BF16 has 8 exponent bits (same as FP32) — max representable value ≈ 3.4×10³⁸. FP16 has only 5 exponent bits — max ≈ 65504. Small gradients (10⁻⁶) underflow to zero in FP16. Loss scaling multiplies loss by a large S to shift gradients into the FP16 range before backward.
- A training loss oscillates wildly step-to-step. Name three causes and fixes.
(1) LR too high → halve it or add linear warmup. (2) Gradient norms exploding → add clip_grad_norm_ with max_norm=1.0. (3) Bad batch (corrupt data, extreme outlier) → check data pipeline, clip individual sample losses.
- Explain label smoothing and when it helps.

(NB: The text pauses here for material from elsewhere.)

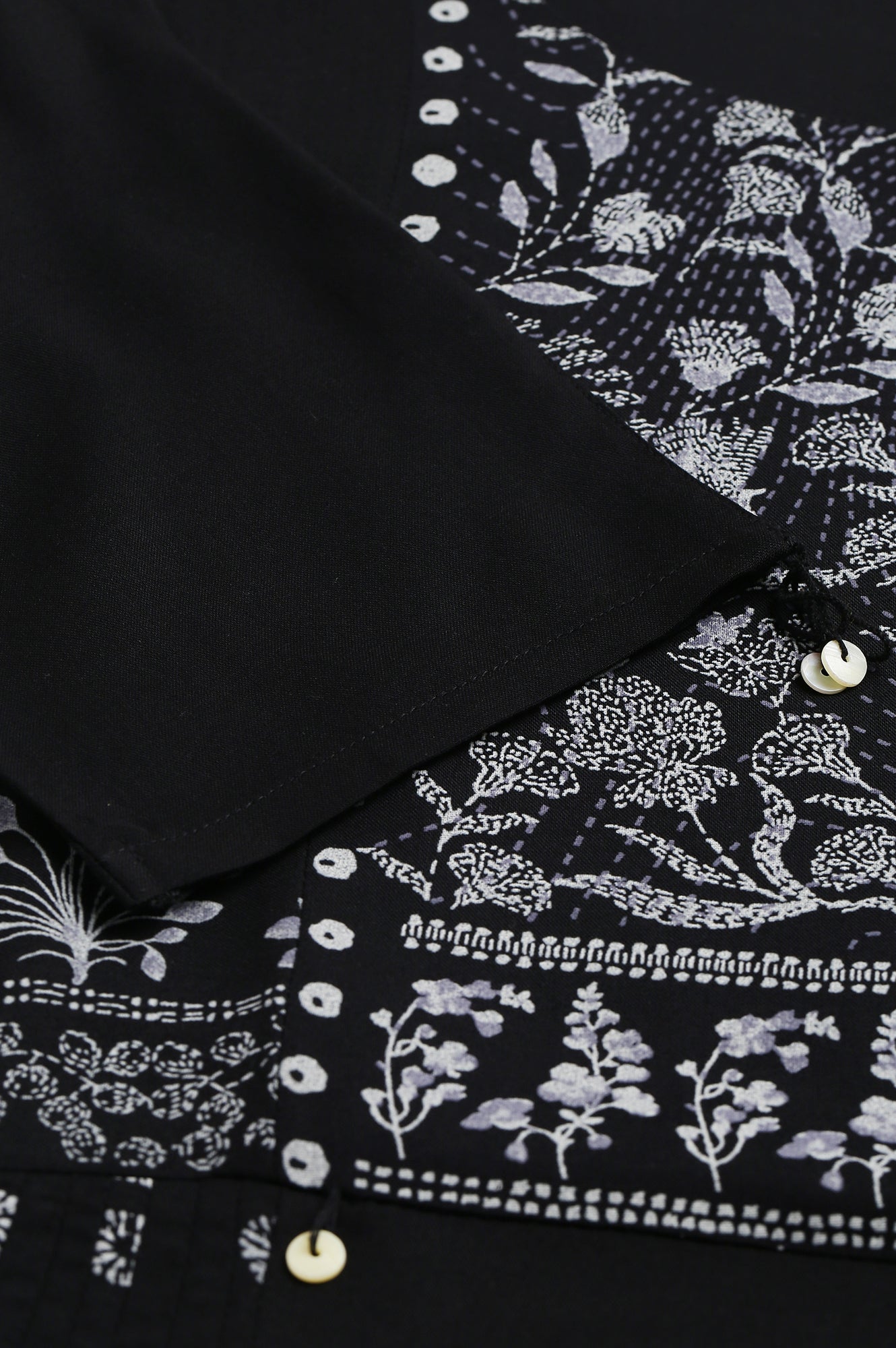 Black Floral Side Pleated kurta In Round Neck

Replace one-hot target y with (1−ε)·y + ε/K. This prevents overconfidence on training labels, improves calibration, and often improves generalisation. Useful when labels are noisy (web data) or the vocabulary is large (LLM next-token prediction head). Standard ε = 0.1.
- A run diverges at step 10k. Walk through your debugging checklist.
(1) Check grad-norm at step 10k — is it a spike? (2) Was there a LR schedule event (cosine restart, warmup end)? (3) Inspect the data batch from around that step for corruption or extreme values. (4) Enable
torch.autograd.set_detect_anomaly(True)to find the first NaN. (5) Restore checkpoint at step 9k and resume with a lower LR or by skipping the suspect batch. - What is gradient accumulation and when is it needed?
Run N micro-batches, accumulating gradients across them before one optimiser step. Effective batch size = micro_batch × N. Used when a target global batch size (e.g., 2M tokens for LLM pre-training) exceeds single-device memory capacity. Note: divide each micro-batch loss by N to keep the gradient scale consistent.